Hay momentos en que su colorido se torna un poquito violento, debido a los contrastes, pero ahí está parte de la importancia del artista y de su propuesta plástica”, describe.

A esto se suma el hecho de que Pimentel —a quien Salvador Novo le auguró un sitio en la nueva pintura mexicana por su obra llena de poesía, juventud, humor y un fuerte sentido musical del color— nunca se guio por estilos, modas ni encargos, asegura Renata Blaisten.

Él sólo pintaba lo que le nacía y quería, así que supo tomar las riendas de su plástica para hacer una nueva interpretación de nuestras culturas, con sus animales, dioses y nuestros paisajes; él fue un artista contemporáneo, no de arte conceptual, quien insistía en que cada artista debe crear su propio mundo y su propia obra.

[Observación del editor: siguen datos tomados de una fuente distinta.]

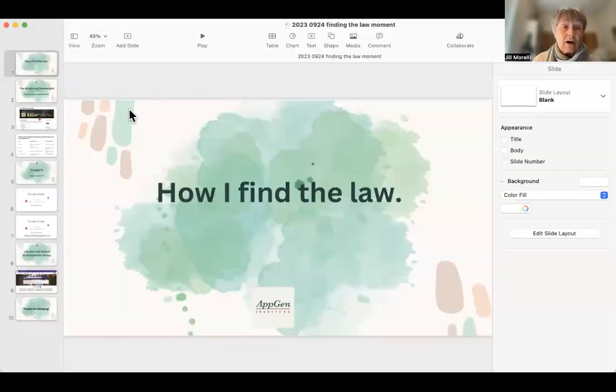Hi there. My name is Jill Morelli, and this is another Applied Genealogy Institute moment where we have just a quick summary of some issue that we perhaps have run into — if our solution can help you, that's all the better. This time I'd like to actually share my screen and show you how I find the law.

Y aunque admiró la obra de Luis Nishizawa, Dr. Atl, David Alfaro Siqueiros y Andy Warhol, entre otros, su creación no se parece a ninguna otra”.

¿Por qué le interesaba reinventar el mundo prehispánico? “El artista realizó numerosas apropiaciones, reinterpretaciones y reimaginaciones de esas deidades. A él le interesaba explorar sus raíces, los orígenes prehispánicos y purépechas, quizá porque siempre le pareció necesario plasmar el quién eres y de dónde vienes. Él se definía como alguien que salió de un lugar de campo (en Michoacán) que inspiraba su trabajo creativo”.

Aunado a esto, apunta la curadora, para Pimentel, el mundo prehispánico es un eje que atraviesa gran parte de su obra, con imágenes que ocupan todo el lienzo y que se desbordan.

Él siempre sintió orgullo por lo mexicano y por nuestras raíces prehispánicas, así que pintaba lo que veía de niño: vacas, pájaros, mariposas monarcas, la Danza de los Viejitos, pero también le interesaban los orígenes de la mexicanidad”, apunta Renata Blaisten.

Finalmente, la curadora enumera algunas de las deidades constantes que aparecen en el imaginario del artista, cuya obra es resguardada en el Museo de Arte Latinoamericano en California, Estados Unidos; el Museo de Arte Moderno de la Ciudad de México; un museo de Alemania, y en diversas colecciones particulares.

Entre las deidades que le interesaron al artista se encuentran Tláloc, la Coatlicue y Quetzalcóatl. Por ejemplo, hay un cuadro de Tláloc que se titula Tsunami, donde Pimentel retrató la violencia del agua, con la figura de Tláloc, y donde se ven los peces entre las olas y el agua revuelta, plasmando esa idea cíclica de vida y destrucción, como también sucede con el tema de la Coatlicue”, concluye.